This HTML uses event handlers to execute JavaScript. We load a non-existent image, which triggers the onerror event and executes the code inside. It is also worth noting that the attribute does not need to be enclosed in "".

We can go further and make it look like this:

<svg onload=alert(1)>

This time, we don’t even need a src, we just use <svg> with the onload event to execute the code.

Suppose Xiaoming is a backend engineer responsible for filtering these input strings to prevent XSS vulnerabilities. In addition to filtering <script>, Xiaoming also filters spaces. The reason is simple: for XSS that uses attributes to execute, there must be a space between the attribute and the tag, right? Once the spaces are filtered out, it is impossible to use attributes for XSS, right?

Naive Xiaoming hit a wall because it can be done like this:

<svg/onload=alert(1)>
<svg    onload=alert(1)>
<svg
onload=alert(1)>

In addition to spaces, /, tabs, and line breaks are all valid separators, so replacing only spaces is useless.

After Xiaoming learned this rule, he realized that the real problem was not spaces, but event handlers starting with onxxx. So he filtered out all attributes starting with on, thinking, “If there is no event handler, there is no XSS, right?”

It sounds very reasonable, but what he didn’t know was that even without event handlers, it can still be done like this:

<iframe/src="javascript:alert(1)">

The string starting with javascript: is called a JavaScript pseudo protocol, which can be used in some places to execute code. We mentioned this feature in our previous post, “Open Redirect: What to Watch Out for When Implementing Redirect Functionality.”

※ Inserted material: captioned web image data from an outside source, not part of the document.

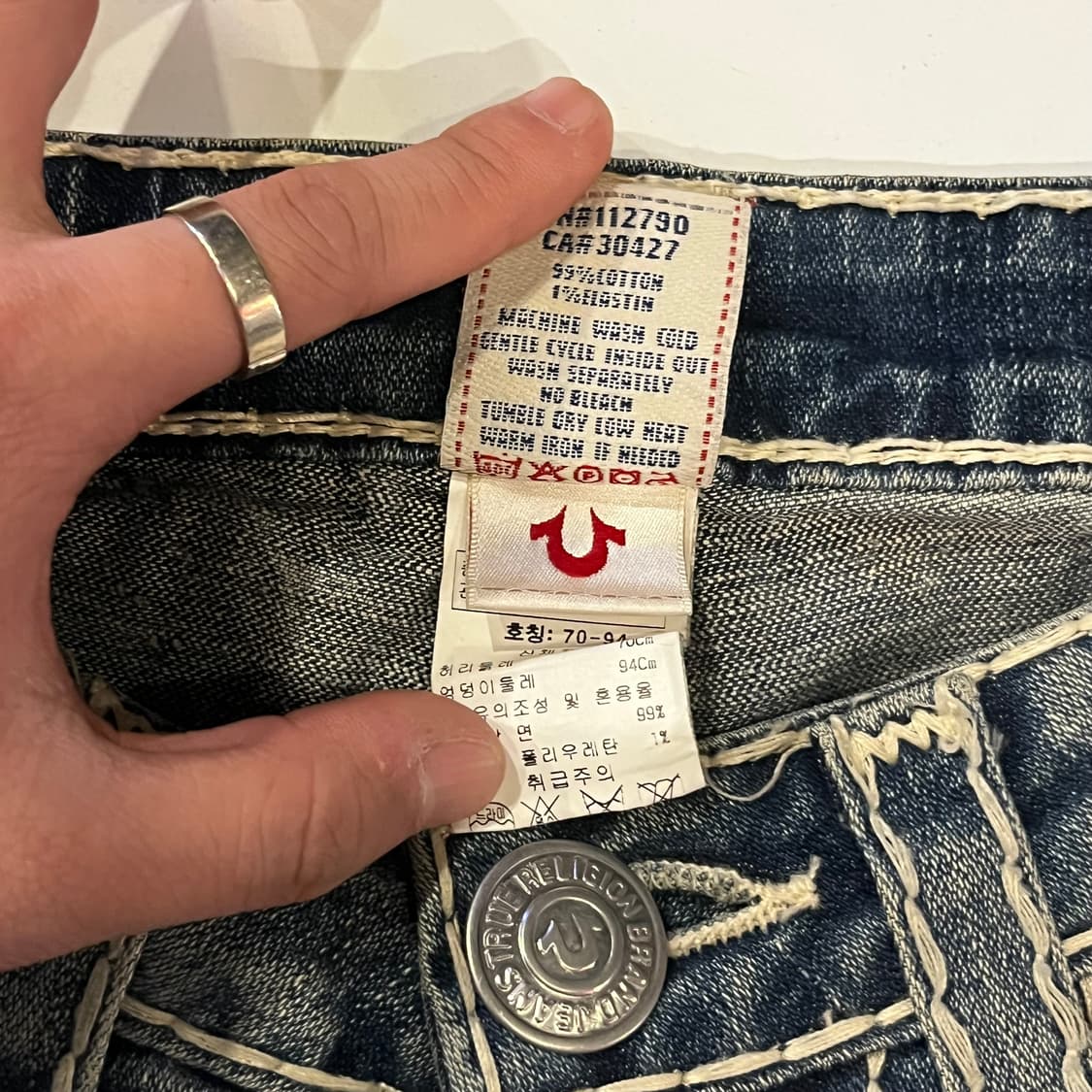 트루릴리전 조이수퍼티 흰색 스티치 부츠컷 데님팬츠 상품이미지6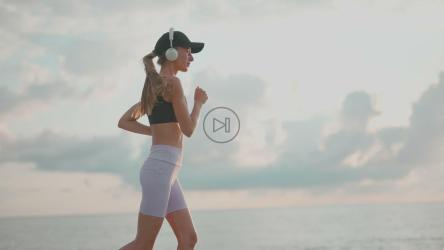 女孩在户外跑步和听音乐[]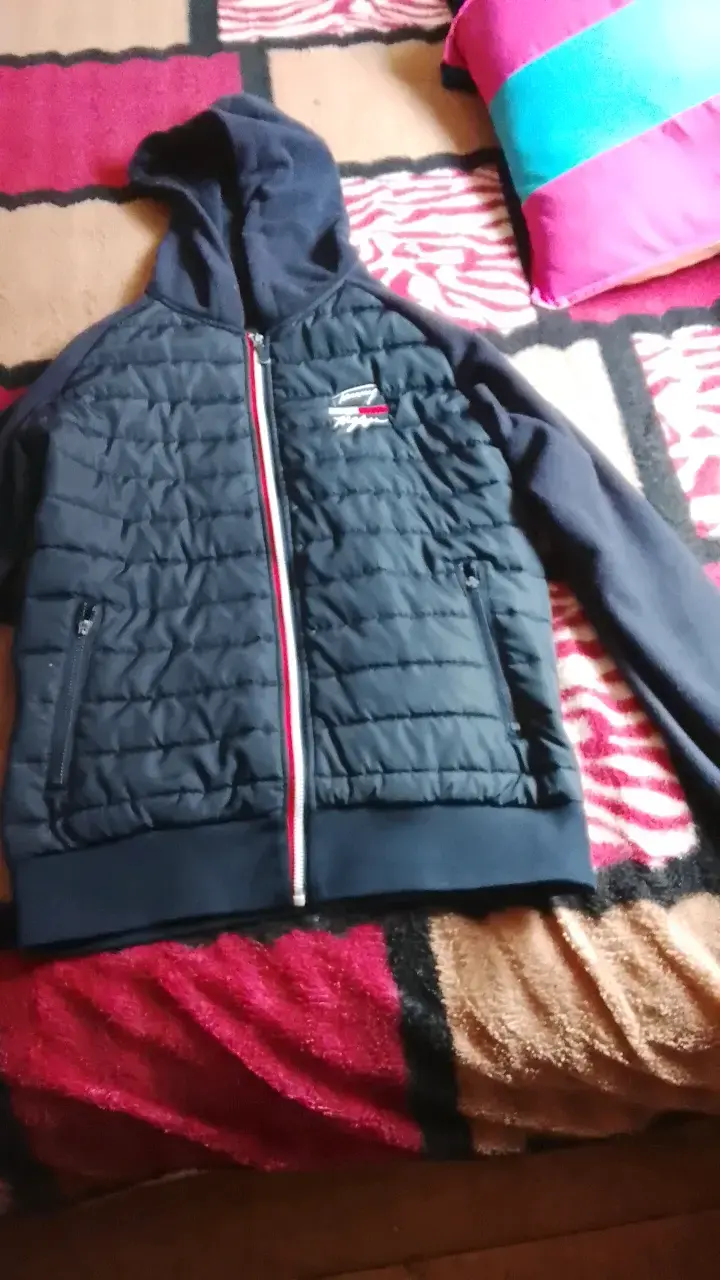Chaqueta acolchada con capucha para hombre - 2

Little Ming’s defense failed again, so he had to strengthen it again. He replaced the seemingly dangerous string javascript with something else. Shouldn’t that be enough to fix it?

Little did he know that inserting a tab between the letters of javascript still worked:

<iframe/src="javas    cript:alert(1)">

Little Ming fixed the code by replacing all the unnecessary things like spaces, blank lines, or tabs with empty strings, and then checked again for javascript. If it was found, it was filtered out. This way, the payload above would not work.

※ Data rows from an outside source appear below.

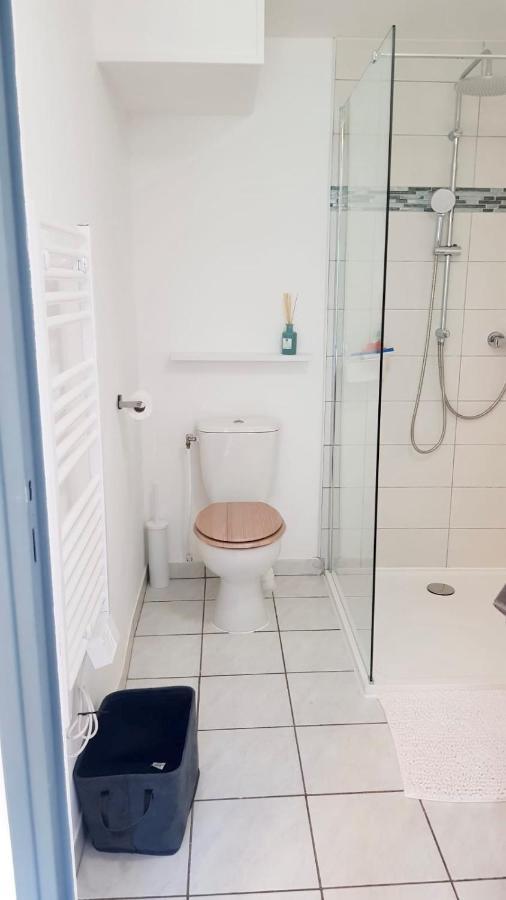 Apartmán Le First Auversois Charmant Studio Avec Jardinet Exteriér fotografie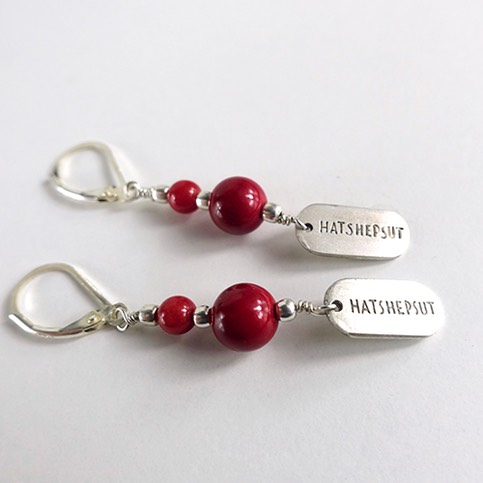 Pendientes Hatpshesut con holowita roja c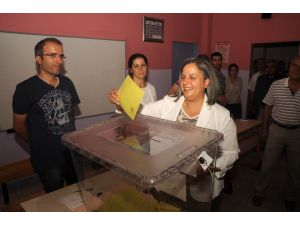 Büyükşehir Belediyesi Eşbaşkanları Kışanak Ve Anlı Oylarını Kullandı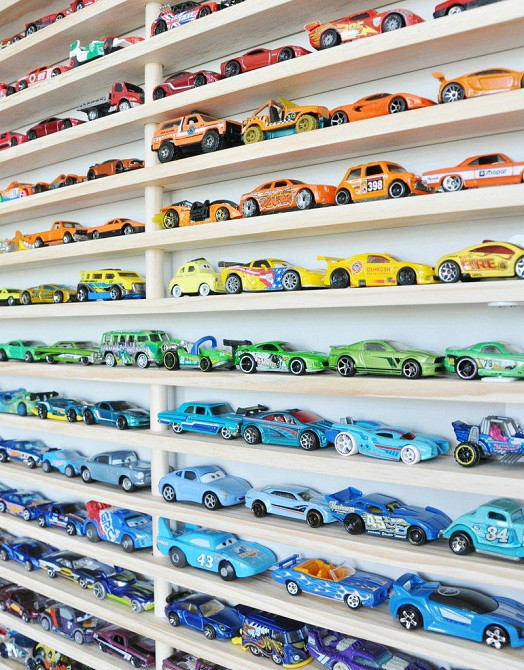 Стеллаж для игрушечных машинок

But Little Ming forgot that information on web pages can be encoded. For example, if you want to display <h1> on the screen, you need to encode it as <h1>. This way, the screen displays what you want, rather than interpreting it as an h1 tag. In addition to those special symbols, regular text can also be encoded using &#{ascii_code};. For example, the ascii code for j is 106, so it can be encoded as j:

<iframe/src="&#106;avascript:alert(1)">

If you want, you can encode the entire string, leaving only some symbols and numbers.

Annoyed Little Ming gave up and disabled the src attribute, thinking, “If I disable src, everything will be fine, right? Don’t bother me anymore!”

But he forgot that <a> can also use this attribute:

<a/href="&#106;avascript:alert(1)">Click me</a>

This time, it won’t trigger automatically. The user needs to click it to trigger it.

Finally, Little Ming couldn’t take it anymore, so he covered it with DOMPurify and ended this round.

In addition to these tag and attribute bypasses, JavaScript itself is also quite interesting to bypass. For example, “Is there a way to execute a function without using ()?”

If you’ve used React’s styled-components or something similar, you’ve probably written code like this:

const Box = styled.div`
  background: red;
`

Why does this generate a component? This is because backticks can be used not only as template strings, but also as function calls. I mentioned this in Intigriti’s 0521 XSS Challenge Solution: Limited Character Combination Code.

So you can write it like this:

alert`1`

But what if you can’t even use backticks now? Is there any other way?

There is a method that I admired for a long time when I first saw it:

onerror=alert;throw 1

It rewrites window.onerror to alert, and then throws an error. This error is caught by window.onerror because it is not caught, and finally executed in the alert.

In addition to alert, any code can be executed by rewriting it:

onerror=eval;
throw "=alert\x281\x29"

The first line is the same as before, except that this time onerror is changed to eval. But what is the second line doing? Let’s talk about the encoding of () first, which are \x28 and \x29, respectively.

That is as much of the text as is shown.